Exercise requirements: Leave out every picture, and return exactly the lines from the line containing "this 845×633 image." through the end of the records below, both inclusive.

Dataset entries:
____
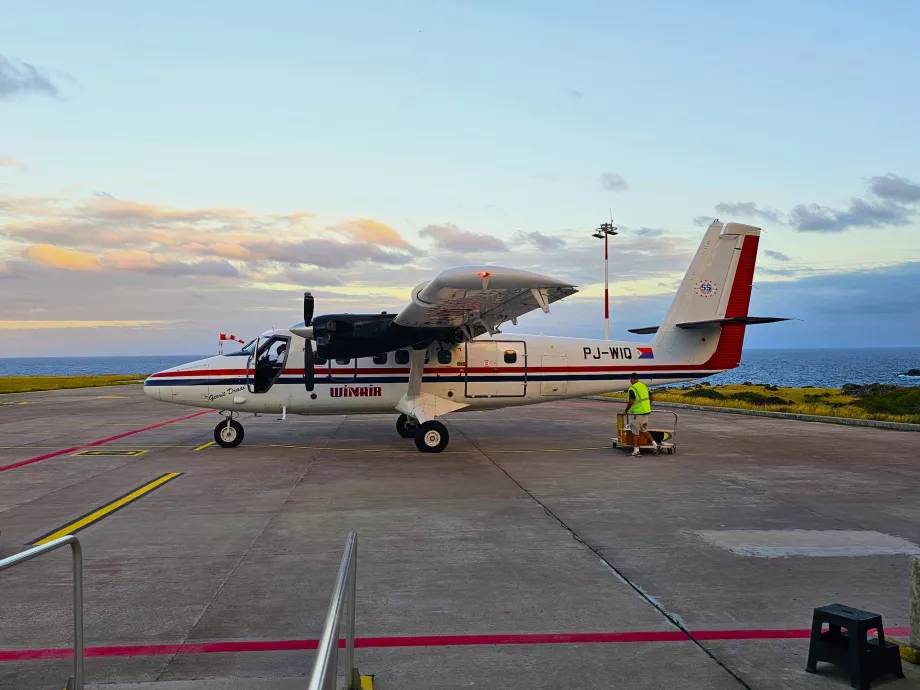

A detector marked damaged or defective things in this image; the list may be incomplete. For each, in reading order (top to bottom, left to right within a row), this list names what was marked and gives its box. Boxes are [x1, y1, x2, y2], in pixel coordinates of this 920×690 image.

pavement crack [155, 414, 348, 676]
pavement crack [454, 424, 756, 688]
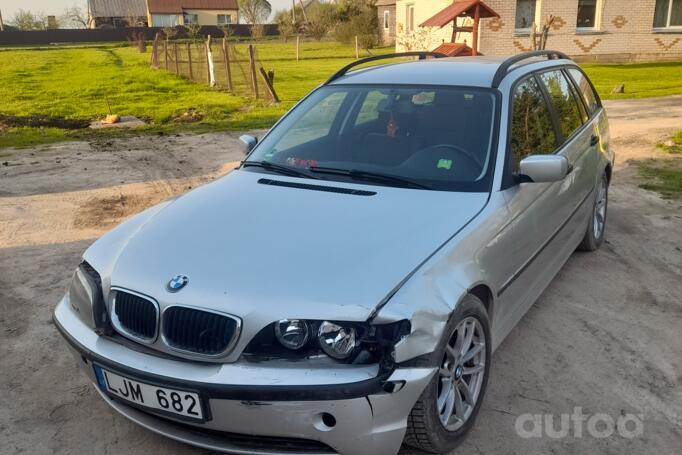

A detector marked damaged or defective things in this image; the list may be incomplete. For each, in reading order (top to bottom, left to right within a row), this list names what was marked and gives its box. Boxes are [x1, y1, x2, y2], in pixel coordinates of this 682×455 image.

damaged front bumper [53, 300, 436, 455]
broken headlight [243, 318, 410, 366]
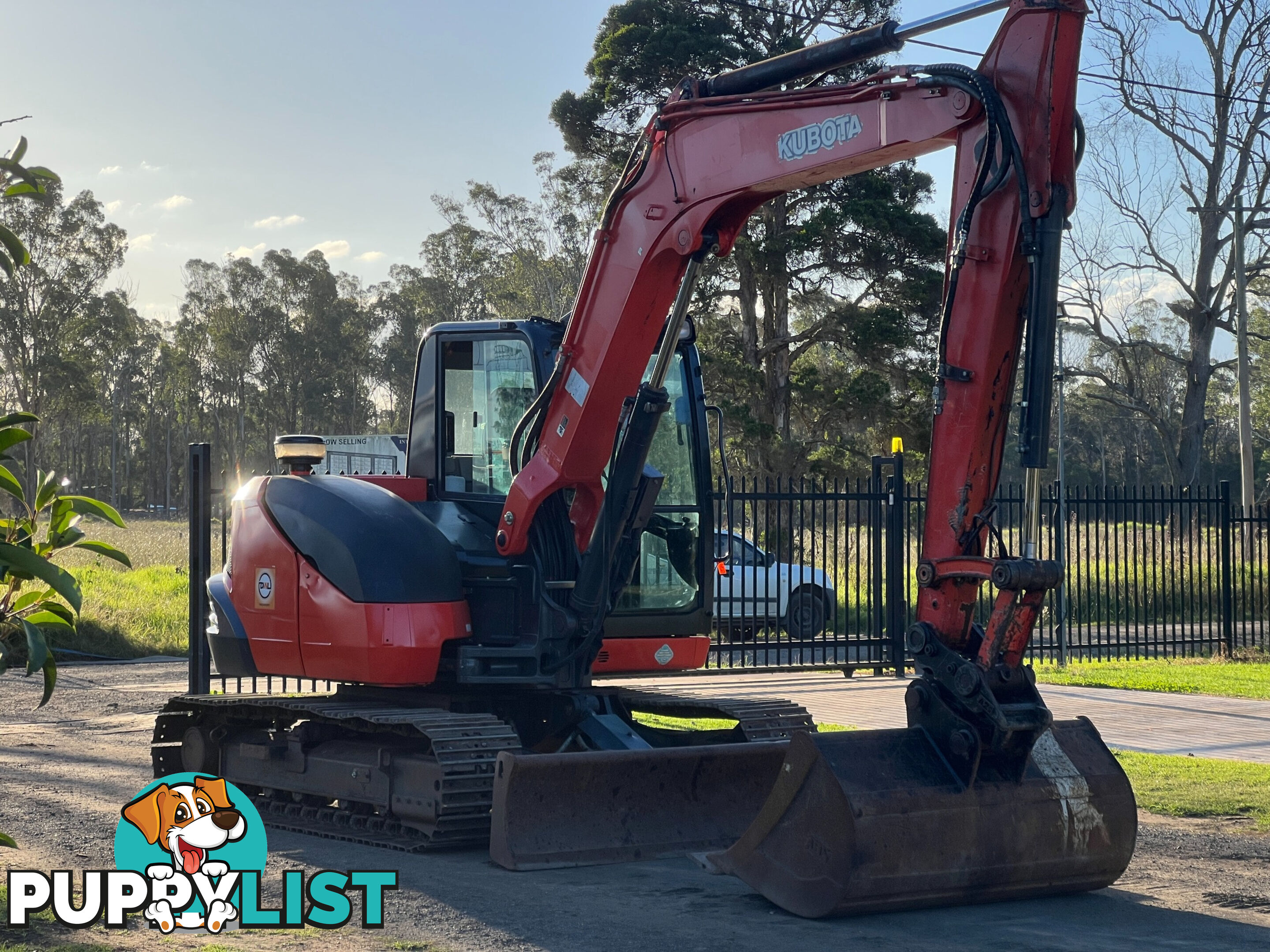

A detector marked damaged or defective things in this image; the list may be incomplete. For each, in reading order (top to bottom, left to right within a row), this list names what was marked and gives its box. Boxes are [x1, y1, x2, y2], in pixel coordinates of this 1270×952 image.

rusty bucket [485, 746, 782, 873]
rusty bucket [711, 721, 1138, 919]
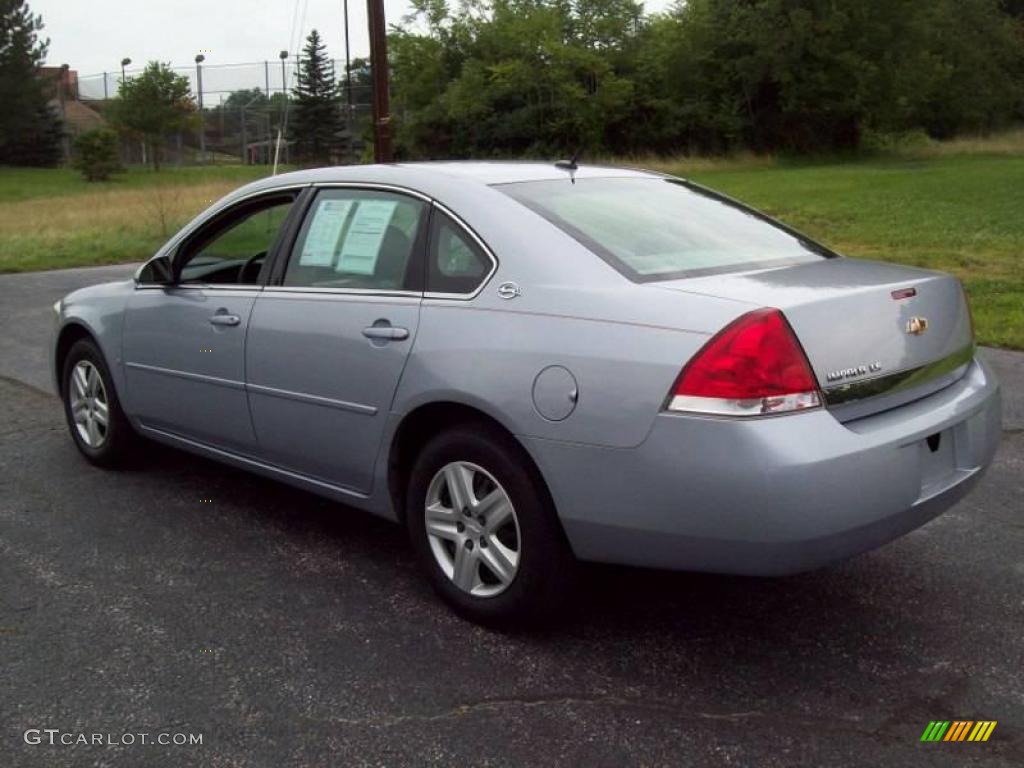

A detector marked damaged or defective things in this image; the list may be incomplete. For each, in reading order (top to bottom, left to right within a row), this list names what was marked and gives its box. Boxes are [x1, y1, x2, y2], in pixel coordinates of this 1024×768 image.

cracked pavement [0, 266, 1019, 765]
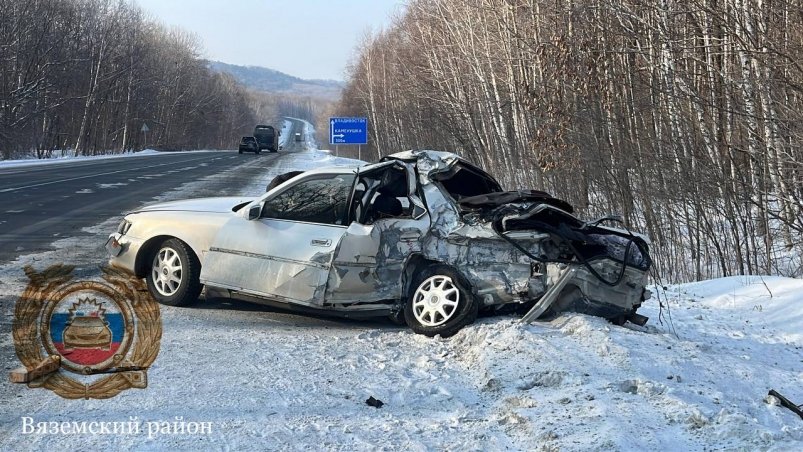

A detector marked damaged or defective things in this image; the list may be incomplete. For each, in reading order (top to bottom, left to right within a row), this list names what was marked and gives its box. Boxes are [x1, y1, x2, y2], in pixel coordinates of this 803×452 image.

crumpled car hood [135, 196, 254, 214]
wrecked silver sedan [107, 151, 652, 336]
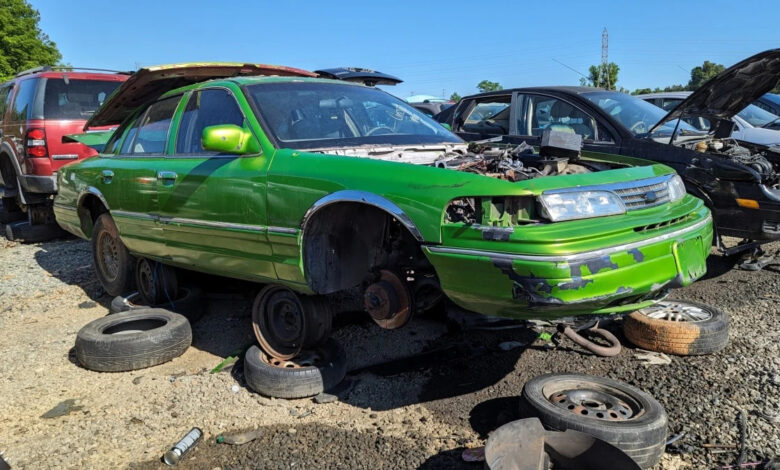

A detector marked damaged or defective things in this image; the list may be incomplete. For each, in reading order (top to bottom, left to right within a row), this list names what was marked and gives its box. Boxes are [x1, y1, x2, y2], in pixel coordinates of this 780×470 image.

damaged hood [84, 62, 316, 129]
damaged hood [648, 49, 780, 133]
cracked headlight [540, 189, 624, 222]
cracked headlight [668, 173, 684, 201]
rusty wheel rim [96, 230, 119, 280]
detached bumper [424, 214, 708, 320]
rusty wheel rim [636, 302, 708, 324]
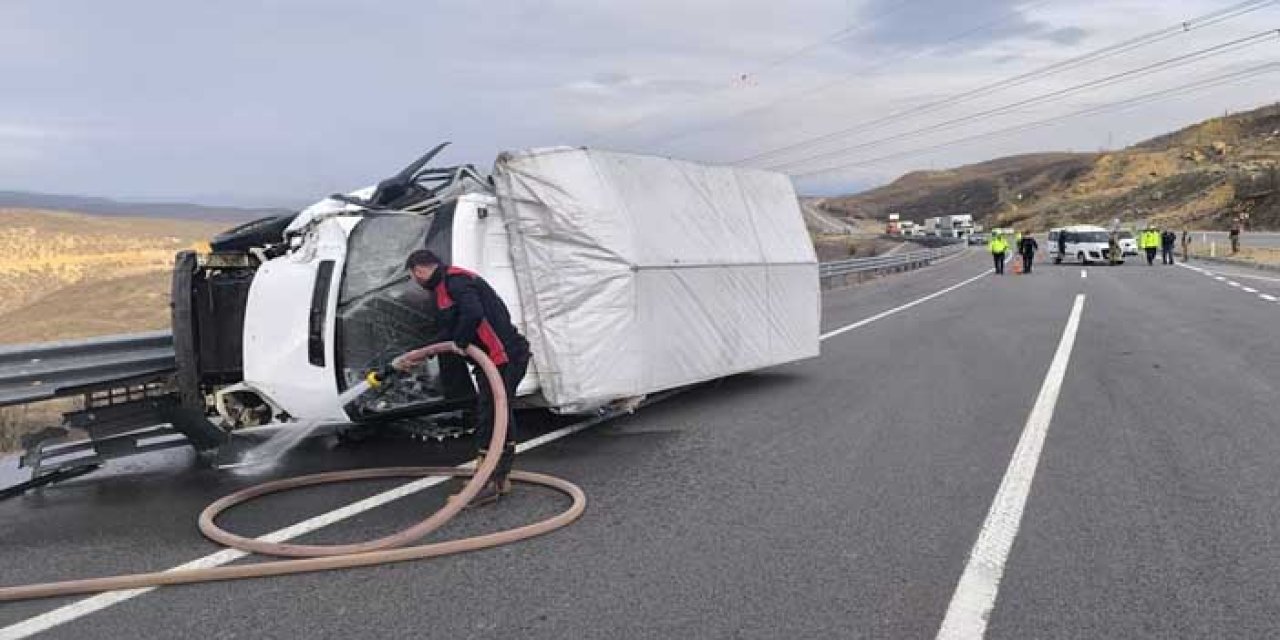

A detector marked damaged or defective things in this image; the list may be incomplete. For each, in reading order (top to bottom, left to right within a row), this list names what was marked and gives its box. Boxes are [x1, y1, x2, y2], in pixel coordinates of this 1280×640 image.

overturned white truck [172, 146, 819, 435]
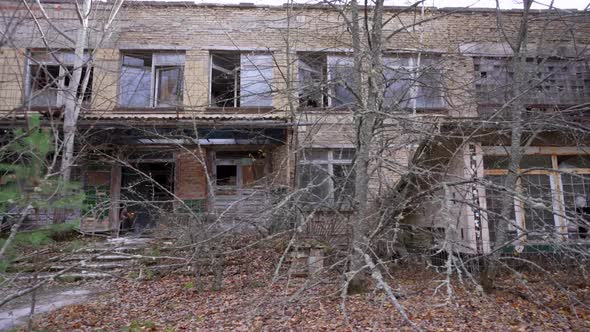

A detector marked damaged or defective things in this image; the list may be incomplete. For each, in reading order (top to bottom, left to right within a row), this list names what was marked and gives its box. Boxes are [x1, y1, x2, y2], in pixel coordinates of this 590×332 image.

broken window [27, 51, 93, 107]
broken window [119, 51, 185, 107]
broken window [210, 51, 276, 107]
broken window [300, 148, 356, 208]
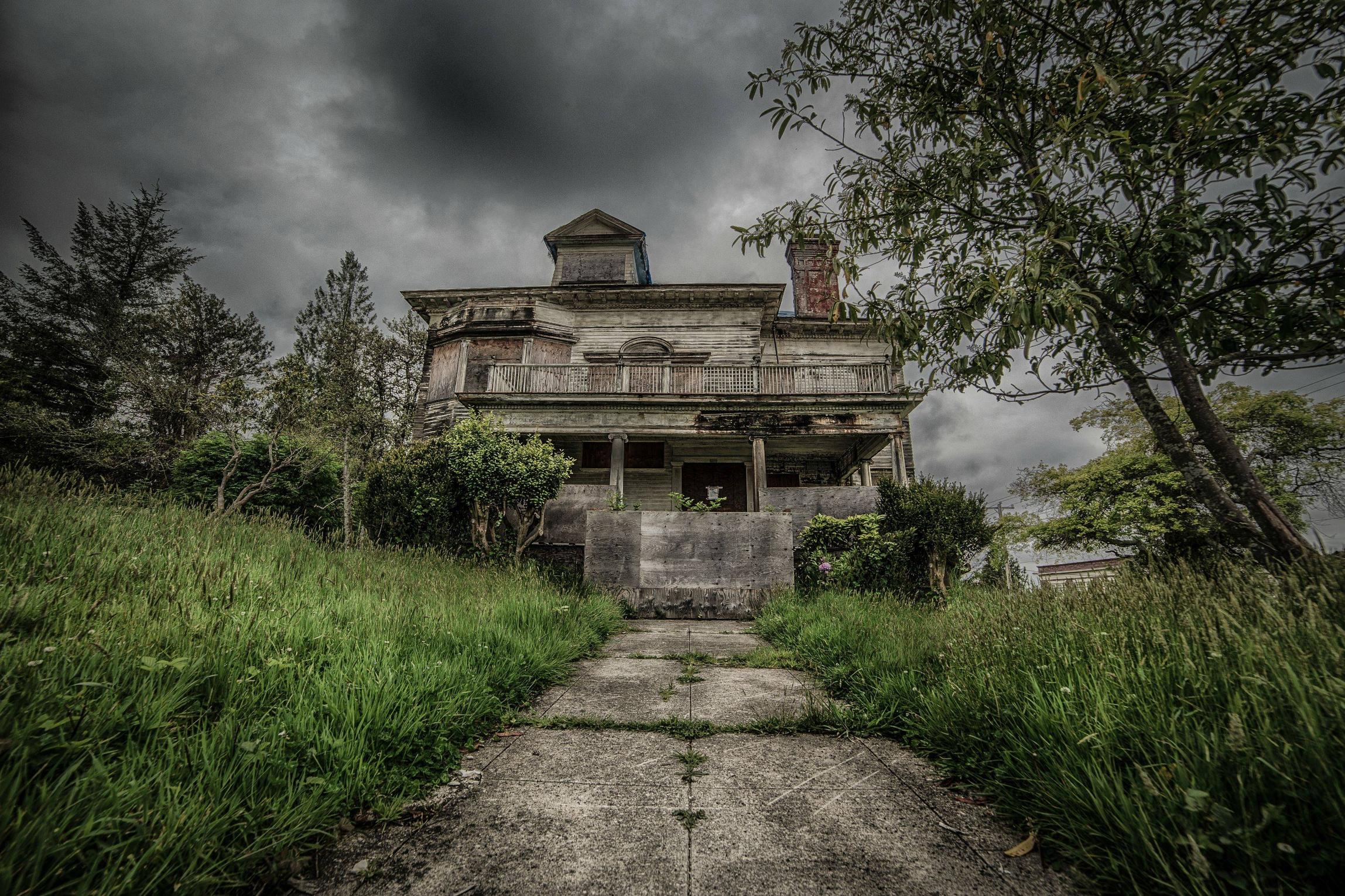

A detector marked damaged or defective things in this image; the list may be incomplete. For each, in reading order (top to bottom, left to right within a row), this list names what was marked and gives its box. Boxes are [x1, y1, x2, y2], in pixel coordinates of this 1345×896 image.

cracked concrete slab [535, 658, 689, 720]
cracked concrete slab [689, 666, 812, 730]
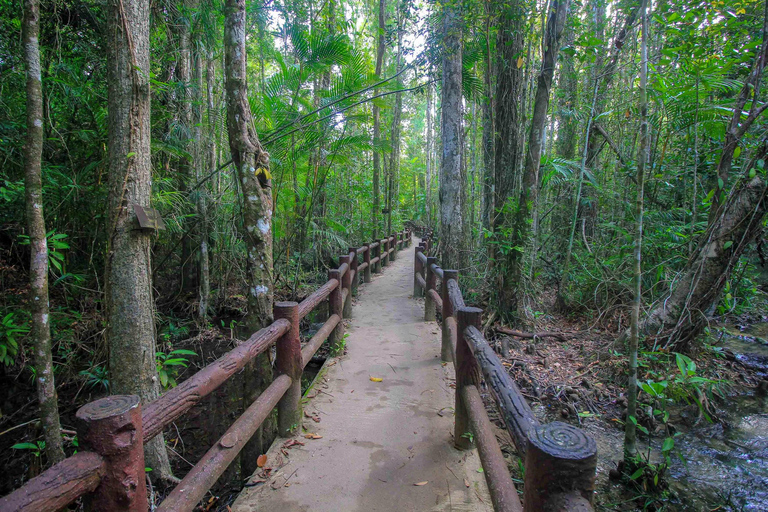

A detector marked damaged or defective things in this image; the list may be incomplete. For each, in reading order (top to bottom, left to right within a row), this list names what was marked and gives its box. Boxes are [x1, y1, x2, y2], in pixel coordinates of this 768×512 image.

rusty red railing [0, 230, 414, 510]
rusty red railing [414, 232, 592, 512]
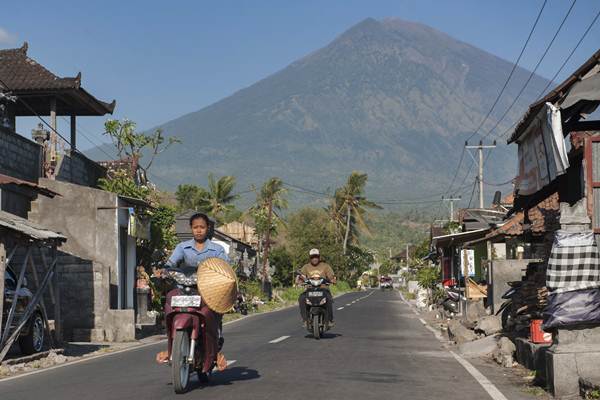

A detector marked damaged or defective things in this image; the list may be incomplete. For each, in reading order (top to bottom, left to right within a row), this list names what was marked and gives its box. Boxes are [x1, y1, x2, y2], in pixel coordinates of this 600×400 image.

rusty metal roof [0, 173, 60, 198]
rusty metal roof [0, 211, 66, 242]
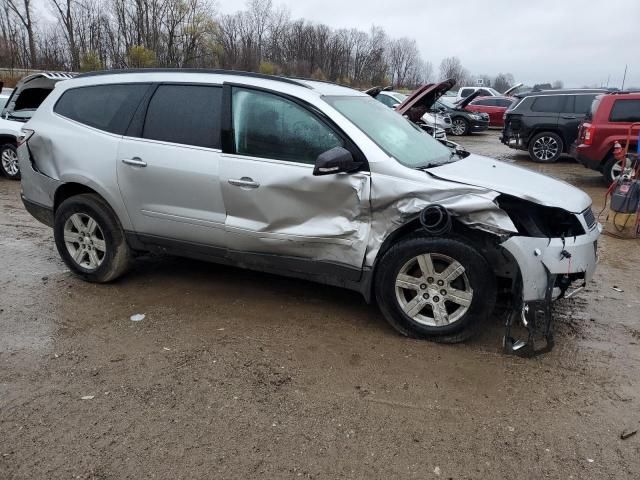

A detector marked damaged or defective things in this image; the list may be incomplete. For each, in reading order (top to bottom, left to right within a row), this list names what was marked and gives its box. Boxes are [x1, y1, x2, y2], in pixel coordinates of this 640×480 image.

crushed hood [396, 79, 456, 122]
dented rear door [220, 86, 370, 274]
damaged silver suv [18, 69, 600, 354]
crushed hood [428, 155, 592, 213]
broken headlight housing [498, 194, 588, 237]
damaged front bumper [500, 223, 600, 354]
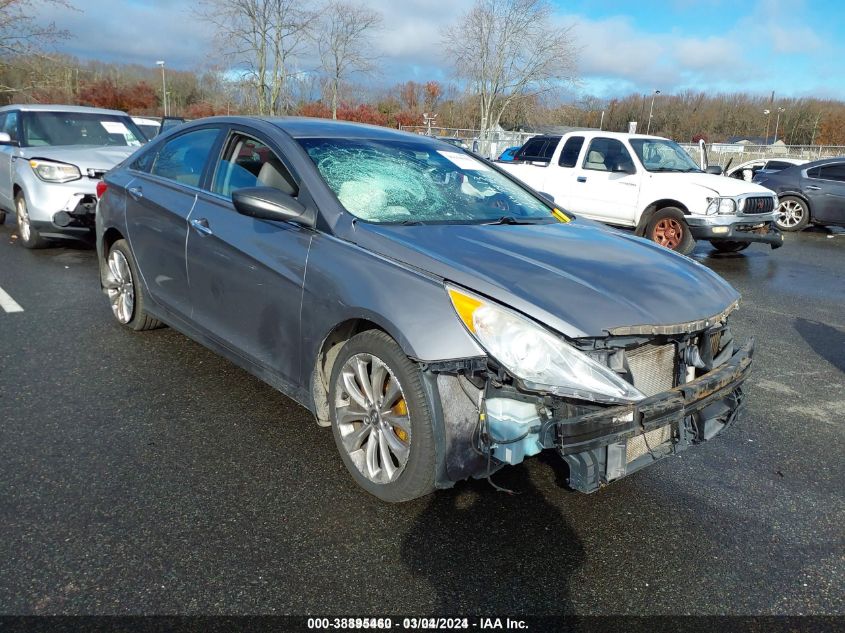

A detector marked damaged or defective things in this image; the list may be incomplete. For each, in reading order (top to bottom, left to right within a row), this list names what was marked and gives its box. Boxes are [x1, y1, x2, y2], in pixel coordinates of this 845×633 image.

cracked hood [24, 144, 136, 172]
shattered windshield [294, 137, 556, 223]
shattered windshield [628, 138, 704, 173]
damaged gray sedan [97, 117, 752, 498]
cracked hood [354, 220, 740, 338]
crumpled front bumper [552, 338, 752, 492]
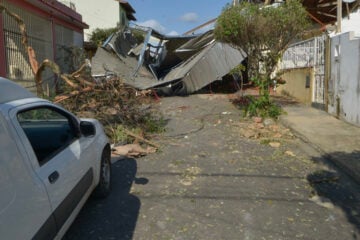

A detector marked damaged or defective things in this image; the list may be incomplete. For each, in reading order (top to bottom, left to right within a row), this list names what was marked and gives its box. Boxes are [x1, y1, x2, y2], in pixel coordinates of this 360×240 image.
____
Answer space:
A detector marked damaged or defective things in this image; the list may be incomplete. For each, in reading order (top to bottom, left to right within a row), this list names what was marked and gives its box. Boxes are [x1, y1, x2, y2], in pixel coordinates of this 845×633 image.

cracked hood [24, 144, 136, 172]
shattered windshield [294, 137, 556, 223]
shattered windshield [628, 138, 704, 173]
damaged gray sedan [97, 117, 752, 498]
cracked hood [354, 220, 740, 338]
crumpled front bumper [552, 338, 752, 492]

A detector marked damaged or defective things in this image; the list may be incomplete. For each, in reading order (top to bottom, left to right within a row), this list names what was marked and gives its box. Boxes are [x1, y1, x2, y2], in pixel coordinates of this 360×240 image.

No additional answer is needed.